The oil composition of the present invention can be prepared by mixing a dihydropolyprenol of formula I with a pharmaceutically acceptable oil. Methods for preparing such compositions are conventional and well known to those skilled in the art. For example, a desired weight or volume of oil is placed in a glass or stainless steel container. The oil was filtered through a sterile filter (0.22 micron filter) into the container. The weight or volume of the dihydropolyprenol used for preparing the preparation of a certain concentration was calculated, and it was poured into the above oil container and stirred to obtain a uniform mixture. The time required for agitation depends on the size of the vessel used and the type of mixing device. Typically 100ml batches are stirred for 5 minutes to obtain a homogeneous solution. While a 1000 liter batch requires about 30 minutes of stirring. The resulting homogeneous solution was filtered through a sterile filter (0.22 micron filter) and filled into vials.

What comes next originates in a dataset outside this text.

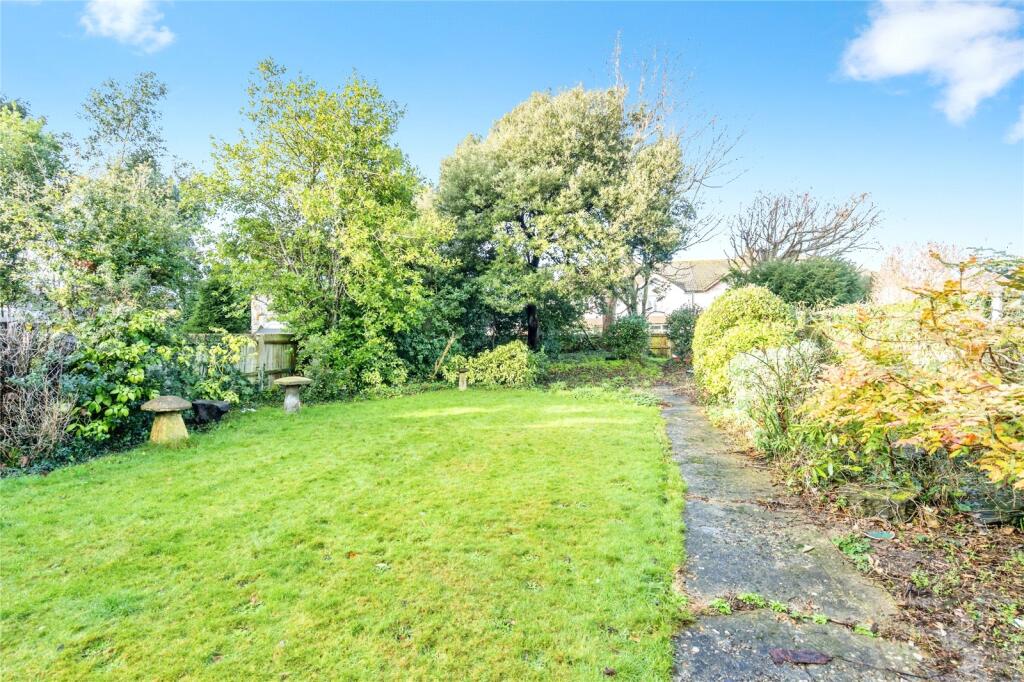 Hillsboro Road, Bognor Regis, West Sussex, PO21 photo 3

The term "pharmaceutically acceptable" refers to those properties which are biocompatible with the subject from a pharmacological/toxicological point of view and which are stable, soluble and bioavailable from a physical/chemical point of view by the pharmacist making the drug.
The pharmaceutically acceptable oil is coconut oil.
"Miglyol 810", "Miglyol 812" and "Miglyol 829" are trademarks of Huls corporation as Miglyol , separate and refined grades of coconut oil, containing primarily medium chain triglycerides.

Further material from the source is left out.